Instead, Price has exerted a significant, behind-the-scenes influence over causes like promoting democracy abroad and pushing changes to federal campaign finance laws. You know that tagline at the end of political ads — the one where candidates say they approved this message? That was his idea.

“He’s got his fingerprints all over a lot of things,” said Thomas Mills, a North Carolina political strategist and blogger.

Price hasn’t lost the youthful idealism that brought him to that Senate gallery in 1964. “You’re not going to find me taking cheap shots at government,” he said.

But he agonizes about how dysfunctional Congress has become, to the point where compromise is growing impossible. “Some degree of bipartisan cooperation is essential if we’re going to run our government,” he said dryly.

He warned that some Republicans want to roll back the civil rights agenda that brought him into politics in the 1960s — to the point where, he said, the U.S. is in “real danger” of entering a new Jim Crow era.

In 2013, the Supreme Court effectively struck down the heart of the Voting Rights Act, freeing states with a history of racial discrimination from requirements that they clear any material changes to their voting laws with the Justice Department.

The ruling immediately set off a wave of laws in Republican-led states that restricted voting rights.
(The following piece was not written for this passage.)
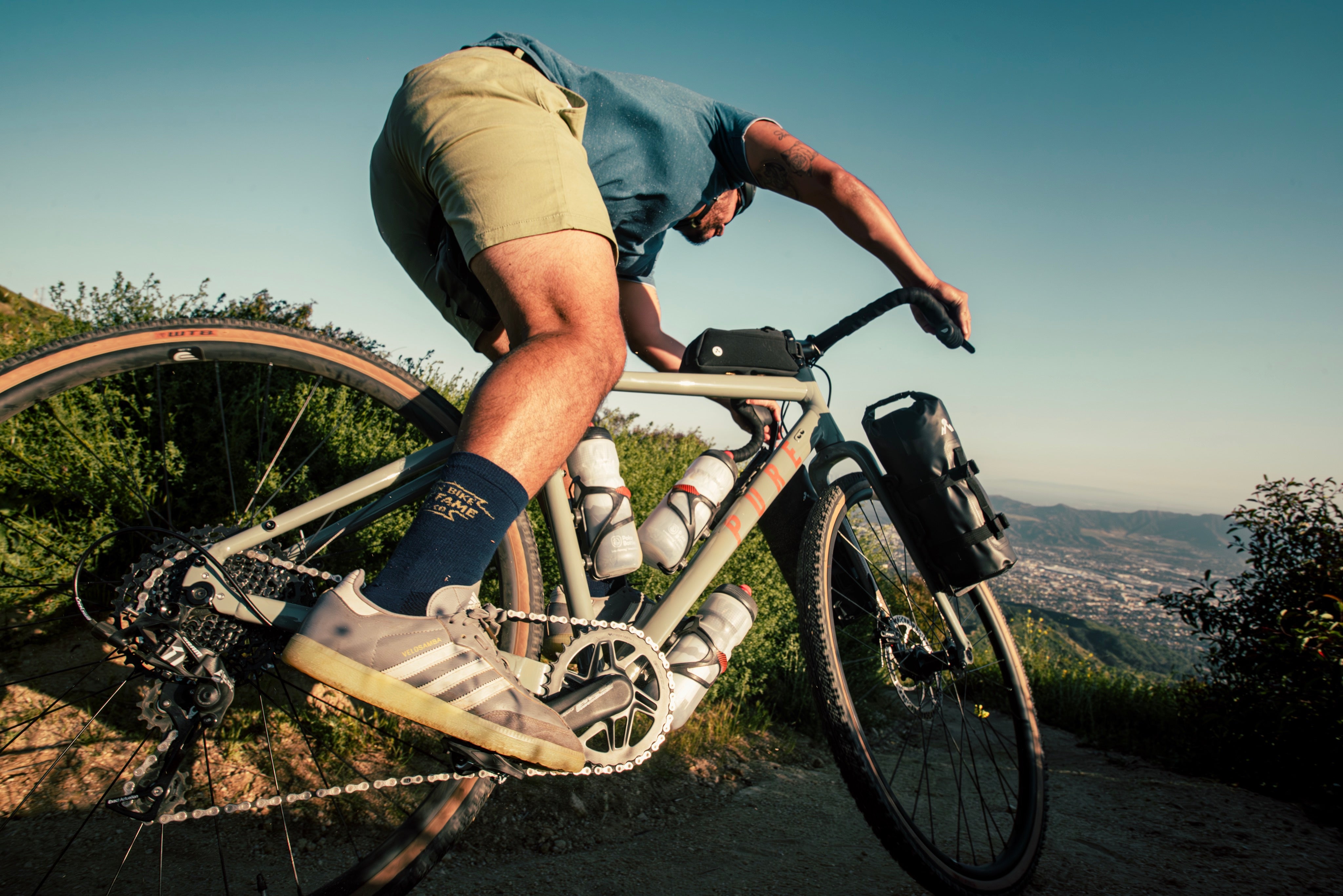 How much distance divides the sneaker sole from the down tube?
521 mm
In 2016, a federal judge said that G.O.P. lawmakers in North Carolina had written the state’s voter I.D. law with “almost surgical precision” to discriminate against Black voters.

“The evidence just couldn’t be clearer that months after preclearance was gone, it was ‘Katie, bar the door,’” Price said.
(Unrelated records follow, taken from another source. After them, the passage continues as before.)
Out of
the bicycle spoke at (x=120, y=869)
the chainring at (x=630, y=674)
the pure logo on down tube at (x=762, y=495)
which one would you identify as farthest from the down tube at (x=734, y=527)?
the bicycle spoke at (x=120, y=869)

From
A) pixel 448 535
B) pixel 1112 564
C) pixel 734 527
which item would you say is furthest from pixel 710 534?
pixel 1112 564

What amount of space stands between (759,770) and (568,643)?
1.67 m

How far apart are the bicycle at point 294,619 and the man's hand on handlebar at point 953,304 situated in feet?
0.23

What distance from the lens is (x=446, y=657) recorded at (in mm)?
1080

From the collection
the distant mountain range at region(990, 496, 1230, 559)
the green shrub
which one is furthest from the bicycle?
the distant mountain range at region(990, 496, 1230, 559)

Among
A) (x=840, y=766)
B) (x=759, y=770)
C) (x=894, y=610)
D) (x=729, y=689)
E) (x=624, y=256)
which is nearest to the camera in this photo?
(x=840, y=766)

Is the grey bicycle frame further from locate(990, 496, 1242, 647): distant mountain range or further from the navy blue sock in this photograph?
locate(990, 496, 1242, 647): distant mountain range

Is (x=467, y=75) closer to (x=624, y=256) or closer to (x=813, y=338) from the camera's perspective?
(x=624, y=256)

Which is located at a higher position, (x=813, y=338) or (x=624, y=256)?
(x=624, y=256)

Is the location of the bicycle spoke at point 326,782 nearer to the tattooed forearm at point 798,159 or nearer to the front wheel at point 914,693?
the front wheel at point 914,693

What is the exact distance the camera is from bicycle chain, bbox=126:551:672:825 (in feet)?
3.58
The only reliable way to defeat such efforts is for Democrats to win elections, Price argues.

Last year’s infighting over the Build Back Better Act, a mammoth piece of legislation that was rejected by two Democratic senators, didn’t help.

“We can never make a binary choice between turning out our base and appealing to swing voters,” he said. “We will not succeed if we don’t figure out how to do both.”

Part of the Democratic Party’s problem, he said, is the discomfort many on the left feel about promoting the party’s successes when there’s always more work to do.

“I often think about how Trump did this,” Price said. “He just bragged about his achievements, however illusory.”

“I’m not suggesting we do that,” he hastened to add. “But I do envy the ability to do it.”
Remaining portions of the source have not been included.